**Work item**. Work out how many lines in the listing below include the word "Page". Give nothing but the number.

**Source data**.

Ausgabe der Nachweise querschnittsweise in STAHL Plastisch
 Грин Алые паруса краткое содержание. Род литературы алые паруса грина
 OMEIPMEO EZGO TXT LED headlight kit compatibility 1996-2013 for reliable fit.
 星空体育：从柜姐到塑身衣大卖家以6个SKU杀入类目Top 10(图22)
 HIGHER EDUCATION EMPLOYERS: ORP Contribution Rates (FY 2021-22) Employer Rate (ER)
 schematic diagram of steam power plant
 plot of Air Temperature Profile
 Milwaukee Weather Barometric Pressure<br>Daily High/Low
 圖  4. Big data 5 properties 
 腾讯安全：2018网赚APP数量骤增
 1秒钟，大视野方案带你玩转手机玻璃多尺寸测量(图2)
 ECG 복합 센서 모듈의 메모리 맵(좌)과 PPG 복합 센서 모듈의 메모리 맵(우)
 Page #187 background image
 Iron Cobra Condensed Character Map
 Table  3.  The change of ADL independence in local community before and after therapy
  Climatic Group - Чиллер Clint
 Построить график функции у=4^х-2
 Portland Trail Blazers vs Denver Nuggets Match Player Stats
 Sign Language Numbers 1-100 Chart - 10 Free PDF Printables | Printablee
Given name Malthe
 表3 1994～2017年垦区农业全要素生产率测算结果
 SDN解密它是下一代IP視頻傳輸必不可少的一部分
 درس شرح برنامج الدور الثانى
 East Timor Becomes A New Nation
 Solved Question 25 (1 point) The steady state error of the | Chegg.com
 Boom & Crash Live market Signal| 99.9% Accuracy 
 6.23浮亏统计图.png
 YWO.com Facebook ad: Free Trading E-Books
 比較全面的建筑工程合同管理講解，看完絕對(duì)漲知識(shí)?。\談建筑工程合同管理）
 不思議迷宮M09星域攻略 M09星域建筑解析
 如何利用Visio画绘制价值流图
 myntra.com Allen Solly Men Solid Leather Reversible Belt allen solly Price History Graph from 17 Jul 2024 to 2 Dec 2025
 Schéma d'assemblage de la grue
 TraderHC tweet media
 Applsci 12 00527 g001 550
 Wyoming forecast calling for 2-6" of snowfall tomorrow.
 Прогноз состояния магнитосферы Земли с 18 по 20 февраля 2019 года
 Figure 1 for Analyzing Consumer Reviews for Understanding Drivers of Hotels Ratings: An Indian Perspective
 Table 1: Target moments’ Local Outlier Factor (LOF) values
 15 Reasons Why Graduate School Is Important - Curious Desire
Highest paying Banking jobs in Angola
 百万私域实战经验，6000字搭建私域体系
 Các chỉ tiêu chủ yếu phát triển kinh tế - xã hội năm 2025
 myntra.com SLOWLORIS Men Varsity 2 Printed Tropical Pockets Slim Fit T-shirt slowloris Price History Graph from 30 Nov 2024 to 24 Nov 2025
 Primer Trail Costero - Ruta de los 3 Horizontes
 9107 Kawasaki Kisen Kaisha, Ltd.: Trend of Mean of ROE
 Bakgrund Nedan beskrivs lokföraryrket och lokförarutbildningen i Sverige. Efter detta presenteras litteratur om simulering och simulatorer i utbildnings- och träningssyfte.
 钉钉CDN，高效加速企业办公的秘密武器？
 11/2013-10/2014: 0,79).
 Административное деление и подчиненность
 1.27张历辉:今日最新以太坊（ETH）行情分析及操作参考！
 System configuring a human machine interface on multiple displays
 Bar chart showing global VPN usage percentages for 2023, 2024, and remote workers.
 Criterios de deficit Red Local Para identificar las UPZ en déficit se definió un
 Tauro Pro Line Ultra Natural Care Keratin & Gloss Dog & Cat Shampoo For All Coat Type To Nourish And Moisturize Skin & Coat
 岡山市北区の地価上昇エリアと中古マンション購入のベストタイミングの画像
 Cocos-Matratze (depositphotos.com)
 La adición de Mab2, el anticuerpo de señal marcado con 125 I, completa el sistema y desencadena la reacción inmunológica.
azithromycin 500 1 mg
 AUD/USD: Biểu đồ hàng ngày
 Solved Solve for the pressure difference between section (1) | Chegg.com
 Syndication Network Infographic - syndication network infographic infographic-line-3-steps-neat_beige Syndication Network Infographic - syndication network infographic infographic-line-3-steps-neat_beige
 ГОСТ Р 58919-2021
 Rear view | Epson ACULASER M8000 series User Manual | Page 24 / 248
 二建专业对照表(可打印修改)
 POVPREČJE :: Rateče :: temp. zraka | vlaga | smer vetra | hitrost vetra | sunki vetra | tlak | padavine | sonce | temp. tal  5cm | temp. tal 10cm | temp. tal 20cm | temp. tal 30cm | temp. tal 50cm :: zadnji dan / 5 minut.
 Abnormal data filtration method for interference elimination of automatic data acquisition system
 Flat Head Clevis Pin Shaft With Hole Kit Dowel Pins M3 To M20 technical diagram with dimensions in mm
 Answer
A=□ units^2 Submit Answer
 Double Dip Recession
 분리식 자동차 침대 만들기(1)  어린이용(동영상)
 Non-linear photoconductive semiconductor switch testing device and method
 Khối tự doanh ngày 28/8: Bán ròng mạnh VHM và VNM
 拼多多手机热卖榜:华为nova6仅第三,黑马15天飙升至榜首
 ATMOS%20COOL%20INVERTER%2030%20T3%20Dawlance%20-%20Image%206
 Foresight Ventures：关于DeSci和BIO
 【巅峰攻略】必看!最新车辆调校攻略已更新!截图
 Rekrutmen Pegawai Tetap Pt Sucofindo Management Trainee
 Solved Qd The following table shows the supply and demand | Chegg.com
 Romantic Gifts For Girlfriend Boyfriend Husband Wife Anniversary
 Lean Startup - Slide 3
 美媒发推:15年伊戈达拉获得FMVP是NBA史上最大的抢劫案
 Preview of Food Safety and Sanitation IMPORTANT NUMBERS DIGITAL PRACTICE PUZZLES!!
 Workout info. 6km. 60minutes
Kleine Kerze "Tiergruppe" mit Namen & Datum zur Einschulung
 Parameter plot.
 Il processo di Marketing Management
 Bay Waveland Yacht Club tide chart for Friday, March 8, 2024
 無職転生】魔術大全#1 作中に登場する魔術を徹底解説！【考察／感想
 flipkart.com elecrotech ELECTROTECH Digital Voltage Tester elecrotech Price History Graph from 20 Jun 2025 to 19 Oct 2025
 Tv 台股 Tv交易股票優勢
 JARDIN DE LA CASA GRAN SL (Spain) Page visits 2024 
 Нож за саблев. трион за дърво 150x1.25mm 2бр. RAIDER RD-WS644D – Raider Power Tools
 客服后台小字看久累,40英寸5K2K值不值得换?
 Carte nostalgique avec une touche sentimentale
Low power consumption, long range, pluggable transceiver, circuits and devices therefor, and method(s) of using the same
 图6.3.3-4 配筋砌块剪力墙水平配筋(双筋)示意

**Expected answer**. 3